Come potremo chiedere agli imprenditori di impegnarsi per lo sviluppo rinunciando agli affari facili per ritrovare la voglia di impresa nelle sfide più difficili? Come potremo salvaguardare quel patrimonio morale, di democrazia economica e di coesione sociale che ci è stato trasmesso dalla cooperazione? E come potremo averne cura e farlo ulteriormente crescere se non con nuove regole di ‘governance' messe a punto con il coinvolgimento dell'intero movimento cooperativo?

Come potremo alimentare la fiducia e la speranza nei milioni di giovani che guardano con preoccupazione crescente al loro futuro? Con quale immagine ci andremo a presentare ai grandi appuntamenti internazionali per fare valere le nostre opinioni e le nostre ragioni?

E' giunto il momento, per la politica, di fare un passo indietro e qualche passo in avanti.
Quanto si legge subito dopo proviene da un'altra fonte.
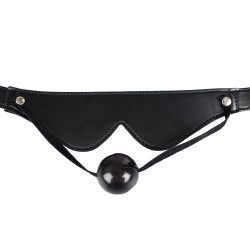 Bondara Black Faux Leather Blindfold with Ball Gag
Un passo indietro, per allontanarsi e allontanare da sé i sospetti di vicinanza e di collusione con i grandi centri del potere economico e finanziario. La politica deve essere “altra” da essi deve governare, orientare, vigilare, se è il caso, punire. Non deve “partecipare” alle vicende dell'economia, deve essere interlocutore forte e indipendente di coloro che sono chiamati ad assumere le decisioni operative.

Non vi è dubbio alcuno che il politico, nell'alto esercizio delle sue funzioni di rappresentante eletto dei cittadini, abbia il diritto e il dovere di essere informato sulle grandi decisioni, suscettibili di generare cambiamenti nel quadro economico e, quindi, nella società.

Ma va stabilito un confine – ed ecco i passi in avanti da compiere - raggiunto il quale entrambe le parti devono sapersi fermare: il confine oltre il quale si può intravedere l'interesse delle persone o di gruppi di persone e non più l'interesse della collettività.

Dobbiamo quindi, dove è necessario, proporci nuove regole e nuovi confini, per riportare la politica nel suo alveo, se da esso è uscita e, soprattutto, per garantire ai cittadini che nel suo alveo essa rimane e rimarrà. Sempre. Tuttavia, come ho affermato nelle prime battute di questo scritto, non è certo o soltanto con nuove leggi che si regolano i comportamenti di persone, apparati o sistemi.

Sarebbe ben più efficace, in un momento come questo, uscire dal bunker del fumus persecutionis, fumus che innegabilmente esiste, per dibattere serenamente e in assoluta trasparenza dei fatti e per separare i fatti dalle opinioni, le opinioni dai pettegolezzi, i pettegolezzi dalle calunnie. Solo reagendo con serenità e chiarezza potremo riguadagnare la fiducia che la catena di sospetti creatasi in queste settimane sta facendo perdere alla politica tutta.